• [What you have to do]
Down to the last line, restate the records word for word, but not the pictures.

• [Supplied information]
----------

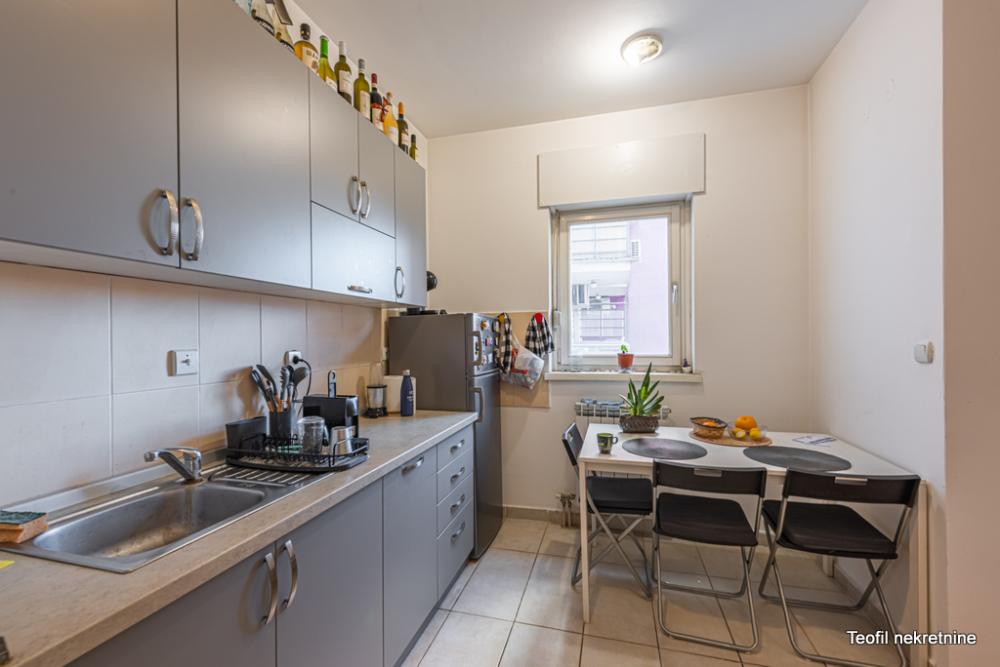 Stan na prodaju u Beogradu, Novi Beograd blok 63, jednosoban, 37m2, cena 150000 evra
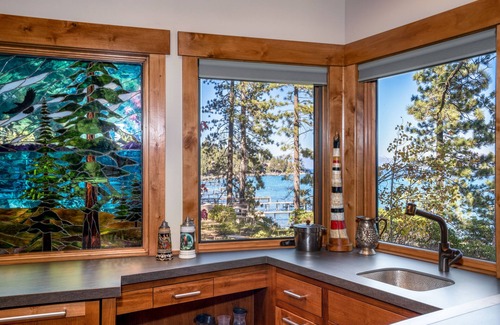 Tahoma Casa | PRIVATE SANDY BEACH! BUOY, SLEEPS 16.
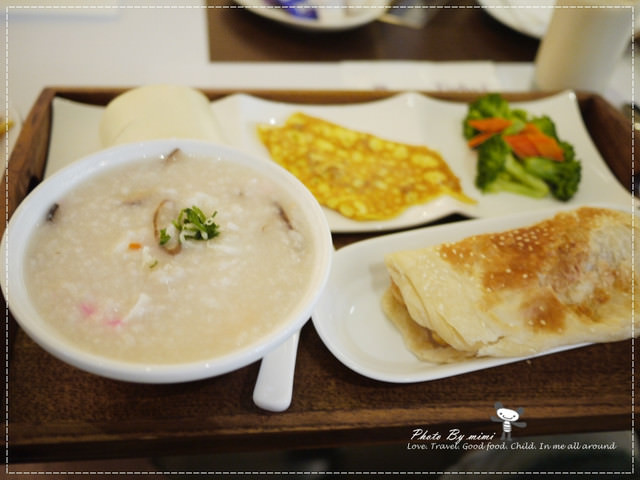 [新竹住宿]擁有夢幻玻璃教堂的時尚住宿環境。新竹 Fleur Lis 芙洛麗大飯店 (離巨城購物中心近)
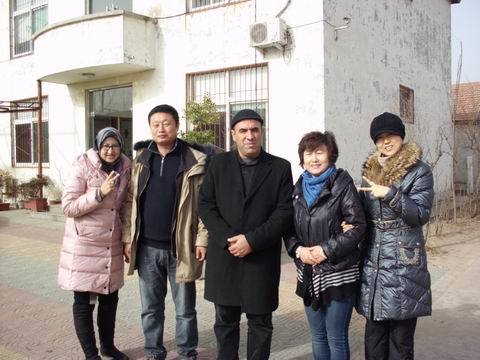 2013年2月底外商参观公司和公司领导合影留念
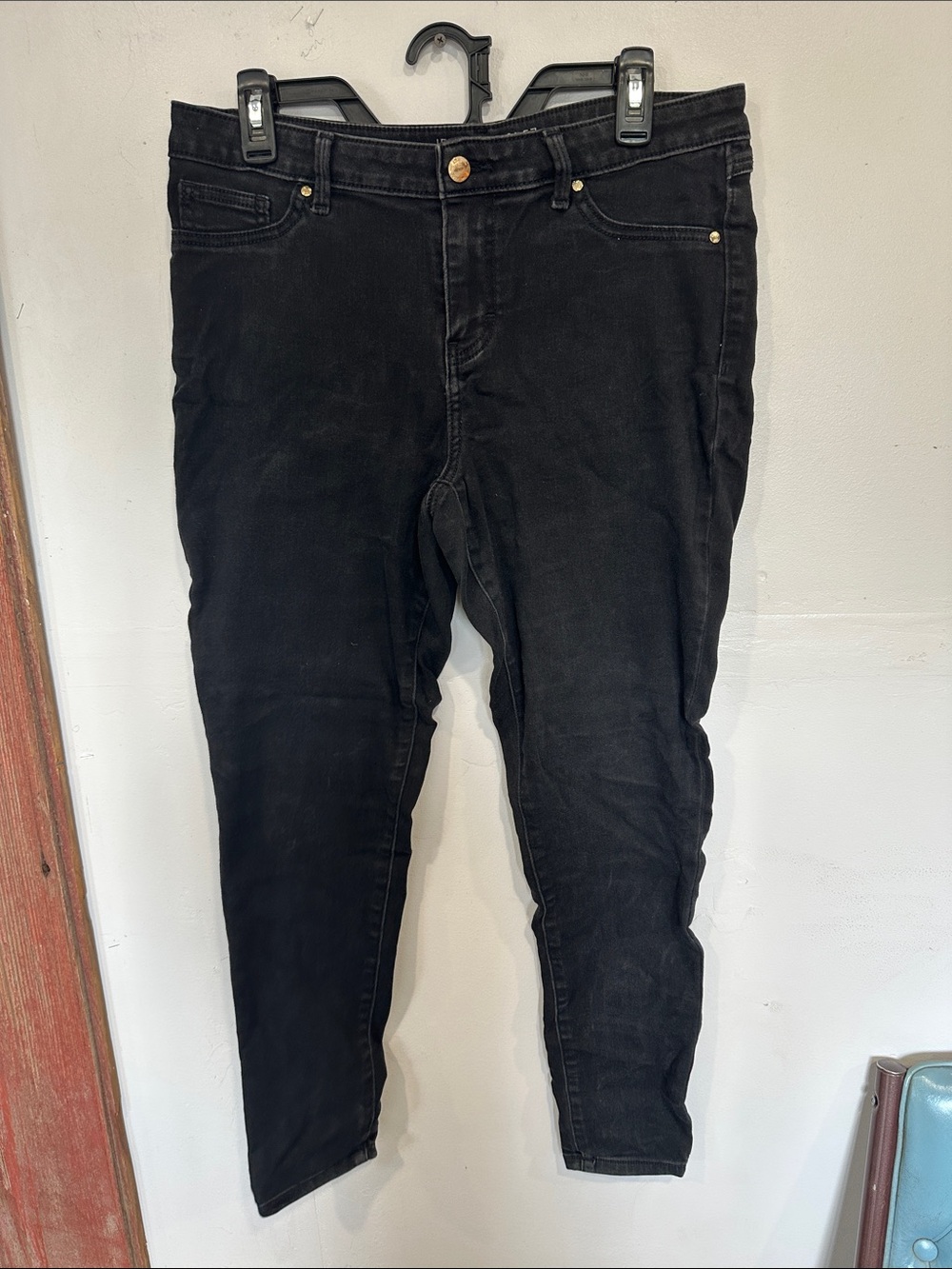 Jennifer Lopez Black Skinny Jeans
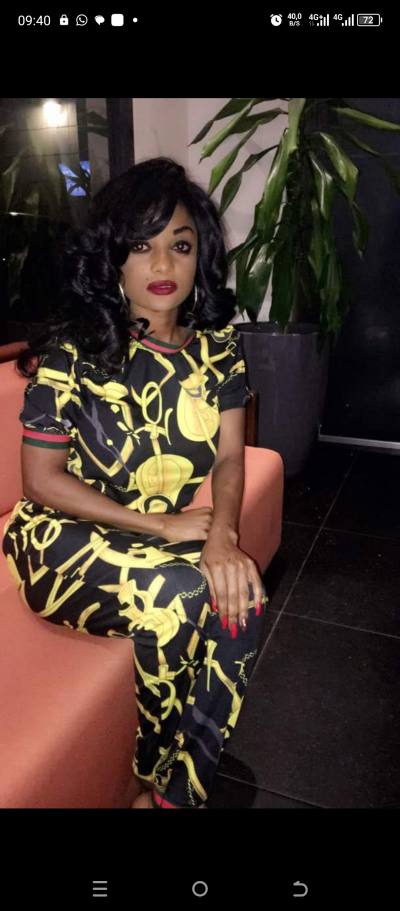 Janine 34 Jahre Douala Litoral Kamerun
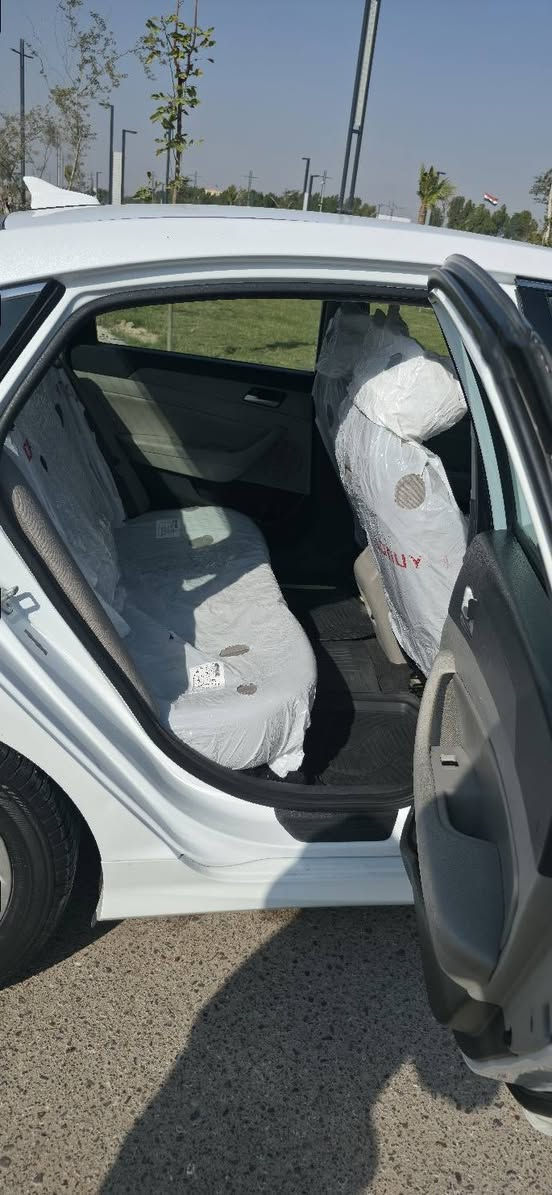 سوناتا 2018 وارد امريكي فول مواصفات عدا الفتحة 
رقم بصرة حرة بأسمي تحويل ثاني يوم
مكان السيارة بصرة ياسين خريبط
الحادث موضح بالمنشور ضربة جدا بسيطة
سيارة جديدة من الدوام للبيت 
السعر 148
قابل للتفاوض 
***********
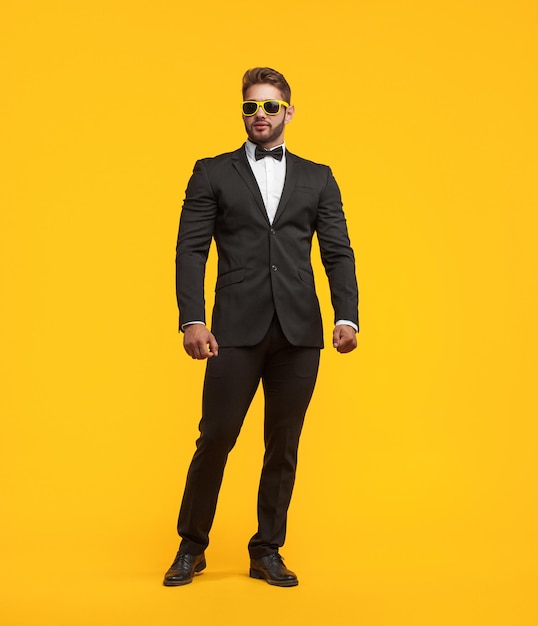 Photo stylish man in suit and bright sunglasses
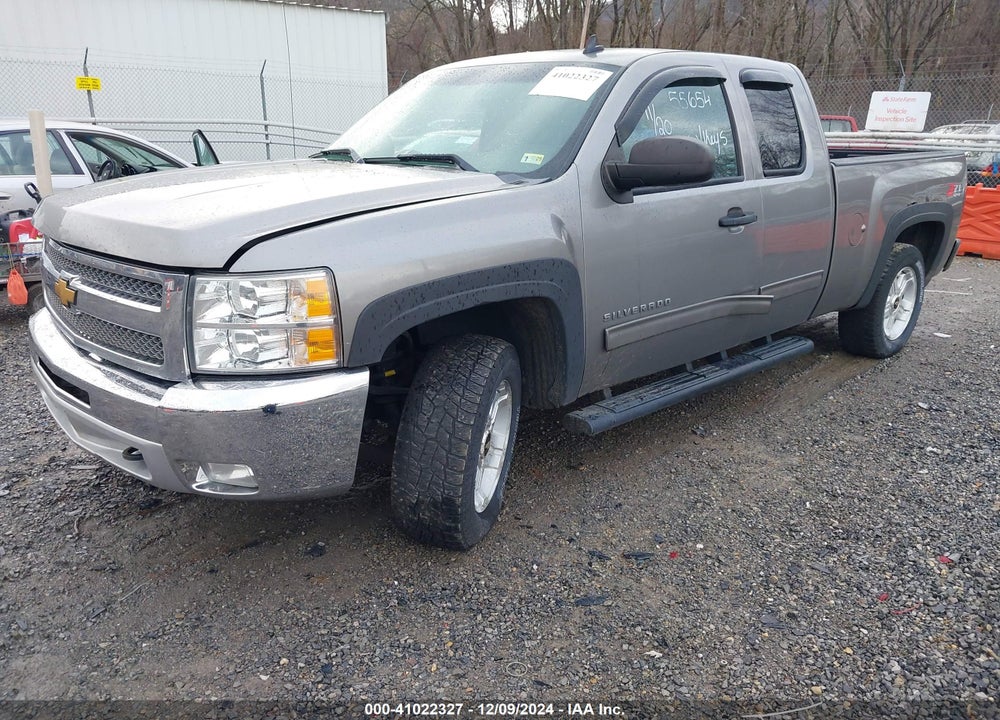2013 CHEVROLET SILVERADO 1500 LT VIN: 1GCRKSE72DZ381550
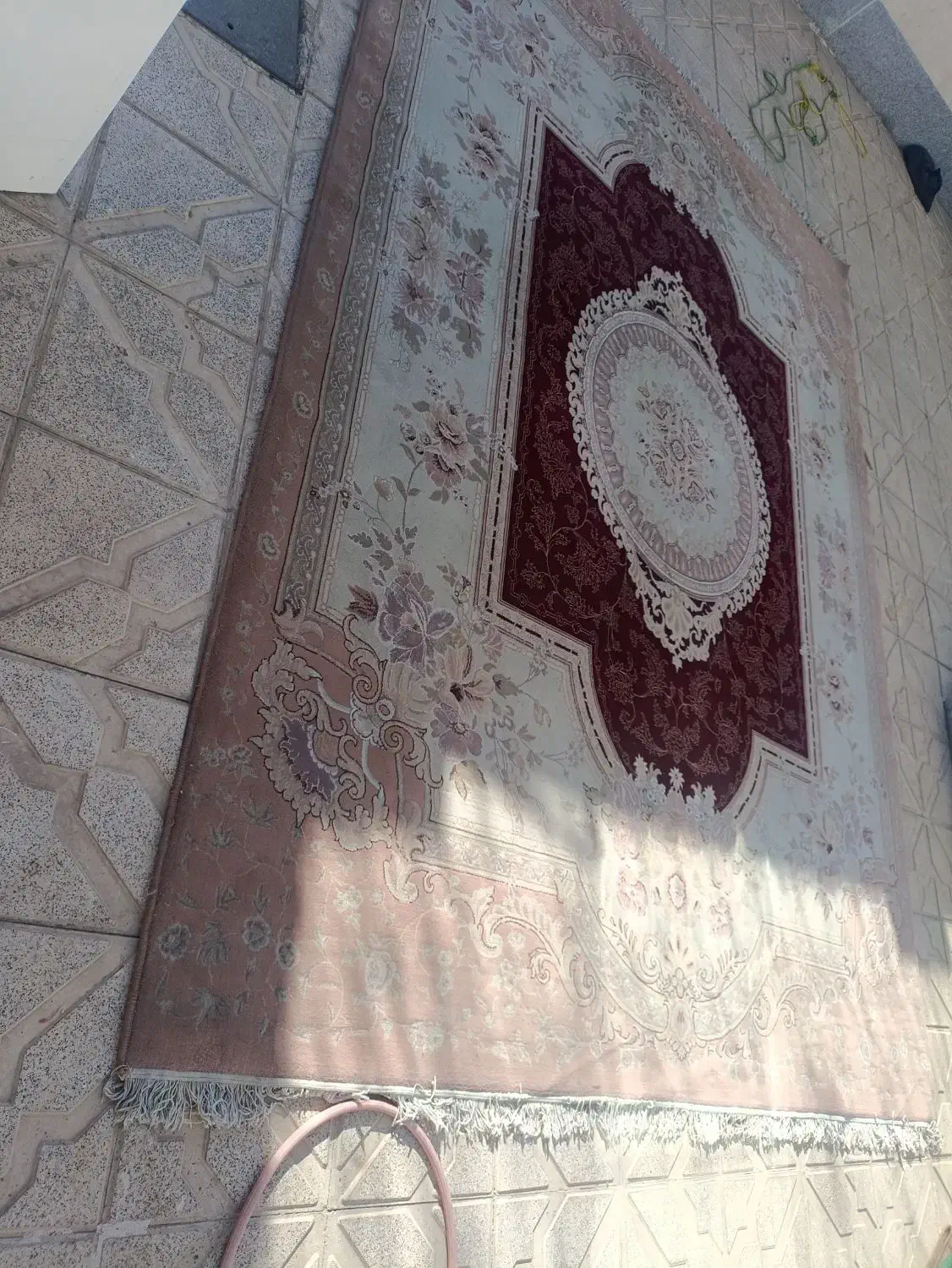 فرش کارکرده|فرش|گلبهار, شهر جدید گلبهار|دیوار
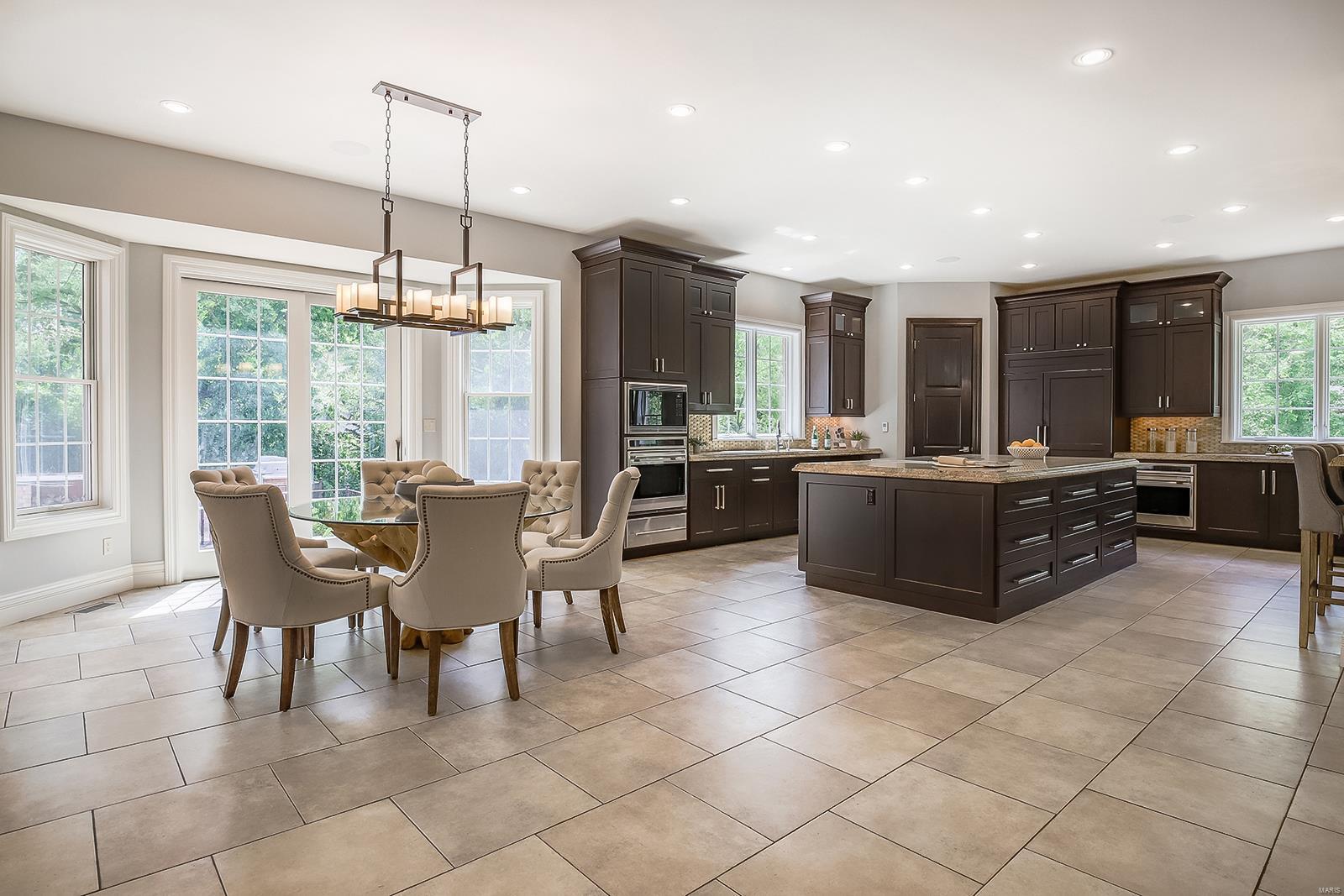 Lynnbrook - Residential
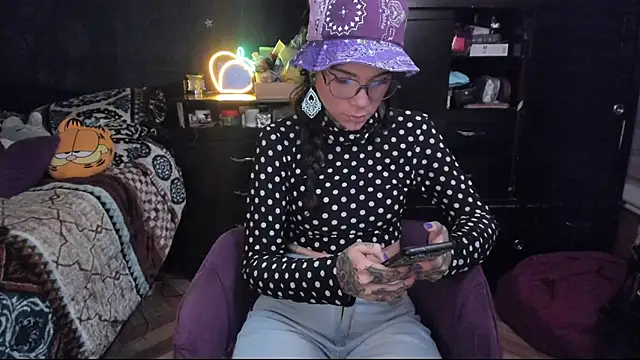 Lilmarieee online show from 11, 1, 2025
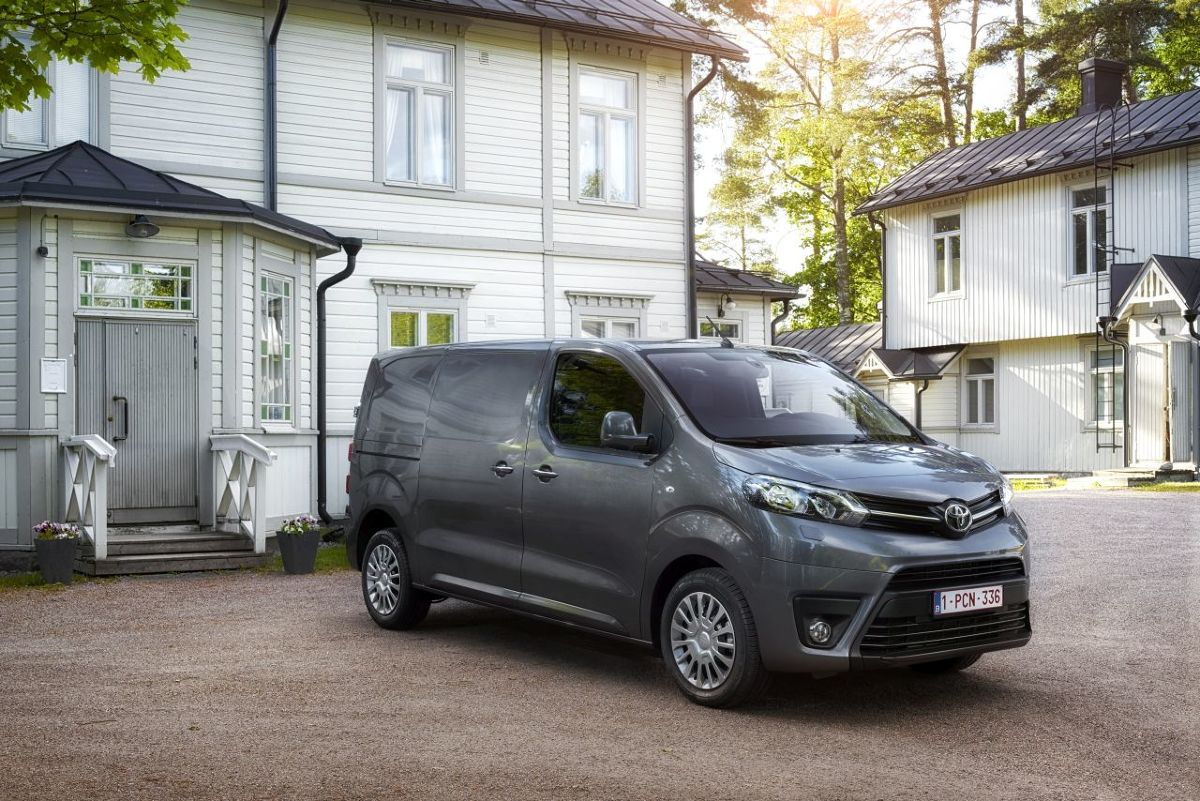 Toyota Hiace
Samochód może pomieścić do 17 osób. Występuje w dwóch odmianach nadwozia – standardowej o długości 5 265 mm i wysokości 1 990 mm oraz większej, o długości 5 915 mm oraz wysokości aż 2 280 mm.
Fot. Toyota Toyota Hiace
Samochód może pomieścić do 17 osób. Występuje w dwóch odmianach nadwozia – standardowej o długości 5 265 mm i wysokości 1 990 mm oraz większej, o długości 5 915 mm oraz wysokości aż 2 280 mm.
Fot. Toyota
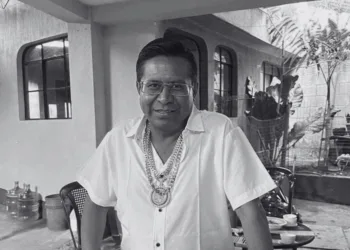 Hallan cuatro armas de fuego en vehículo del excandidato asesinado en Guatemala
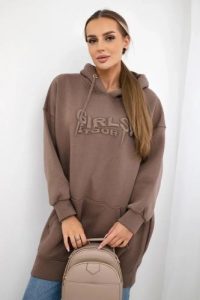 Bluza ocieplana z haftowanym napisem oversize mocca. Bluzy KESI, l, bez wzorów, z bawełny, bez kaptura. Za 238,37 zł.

----------

• [Solution to this task]
 Stan na prodaju u Beogradu, Novi Beograd blok 63, jednosoban, 37m2, cena 150000 evra
 Tahoma Casa | PRIVATE SANDY BEACH! BUOY, SLEEPS 16.
 [新竹住宿]擁有夢幻玻璃教堂的時尚住宿環境。新竹 Fleur Lis 芙洛麗大飯店 (離巨城購物中心近)
 2013年2月底外商参观公司和公司领导合影留念
 Jennifer Lopez Black Skinny Jeans
 Janine 34 Jahre Douala Litoral Kamerun
 سوناتا 2018 وارد امريكي فول مواصفات عدا الفتحة 
رقم بصرة حرة بأسمي تحويل ثاني يوم
مكان السيارة بصرة ياسين خريبط
الحادث موضح بالمنشور ضربة جدا بسيطة
سيارة جديدة من الدوام للبيت 
السعر 148
قابل للتفاوض 
***********
 Photo stylish man in suit and bright sunglasses
2013 CHEVROLET SILVERADO 1500 LT VIN: 1GCRKSE72DZ381550
 فرش کارکرده|فرش|گلبهار, شهر جدید گلبهار|دیوار
 Lynnbrook - Residential
 Lilmarieee online show from 11, 1, 2025
 Toyota Hiace
Samochód może pomieścić do 17 osób. Występuje w dwóch odmianach nadwozia – standardowej o długości 5 265 mm i wysokości 1 990 mm oraz większej, o długości 5 915 mm oraz wysokości aż 2 280 mm.
Fot. Toyota Toyota Hiace
Samochód może pomieścić do 17 osób. Występuje w dwóch odmianach nadwozia – standardowej o długości 5 265 mm i wysokości 1 990 mm oraz większej, o długości 5 915 mm oraz wysokości aż 2 280 mm.
Fot. Toyota
 Hallan cuatro armas de fuego en vehículo del excandidato asesinado en Guatemala
 Bluza ocieplana z haftowanym napisem oversize mocca. Bluzy KESI, l, bez wzorów, z bawełny, bez kaptura. Za 238,37 zł.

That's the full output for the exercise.